2.What is goodwill? How does it affect net income?
ANS-goodwill is an intangible asset....means they don’t have physical existence but plays an important role in calculating companies worth........for finding the amount of goodwill ....
for eg---- company A wants to buy company B now .........B have assets worth rs 1 lakh and liabilities worth 50000.....so net assets becomes 1 lakh -- 50k===50k but company A paid rs 75k.......so this means the differnec ie 75 k-- 50 k ====25 k is amount of goodwill.
(OR)
Goodwill can be defined as a process, or set of tools a business has used over the years to distinguish itself in the marketplace, to generate sales and to produce top-quality items consistently .e.g If you conduct a survey to figure out where customers stand on things such as product quality, customer service and corporate perception, the company that tops the list generally has high customer goodwill. Net income, also known as bottom line, is the number a company shows at the bottom of its statement of profit and loss, also known as a statement of income. Goodwill affects net income through amortization, the practice that gradually spreads the value of goodwill ( or any intangible assets). Non-physical assets include patents, copyrights and exclusivity rights.i.e amortization reduces the value of net income.

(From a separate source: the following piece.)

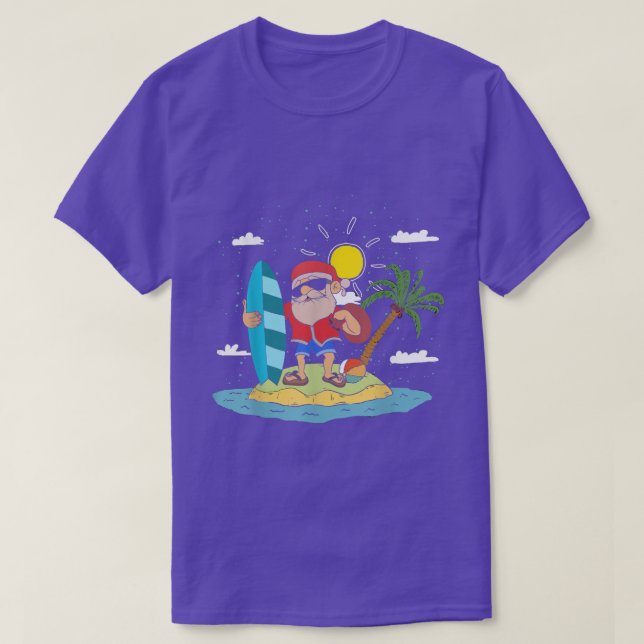 Hawaiian Summer Cool Santa Claus Surfing Christmas T-Shirt (Design Front)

3)"WHAT DO YOU UNDERSTAND BY CAPITAL ADEQUACY RATIO,CRAR,BASEL II AND III?
ANS-Capital adequacy rato is the risk capital means it is to kept by bank in case of any risk so that bank don’t collapse like that happened in usa......basel 2 is concerned with risk managment and car was developed there only
(OR)
Capital Adequacy ratio is the amount of capital a bank should have as a percentage of the total risk weighted assets. Its (tier I capital+ tier II capital)/risk weighted assets *100. Basel is the name of the place where the Basel Committee for Banking Supervision holds its meetings. The BCBS has G10+G20 and some countries like Luxemburg as members. Basel II is the current regulation. Was mandated in India in 2008(though banks had applied the rules much earlier than 2008). Basel II introduced the three pillars of CAR, assessment of CAR and the mandatory disclosures. Basel III was organised after the global crisis of 2008, and some of the measures it has recommended includes increased reqdmnt for common equity for 2% to 4.5% (basel II to Basel III), Tier I capital from 4% to 6%, and a new mandatory buffer for capital conservation; plus an optional cyclical buffer of 2.5%. OECD has forecasted that Basel II recommendations will slow down the global economy's growth rate.
Tier I capital is Common stocks plus retained profits. Tier II is Undisclosed profits, total perpetual shares, subordinated loans, provisions, investment fluctuations, andrid debt capitals.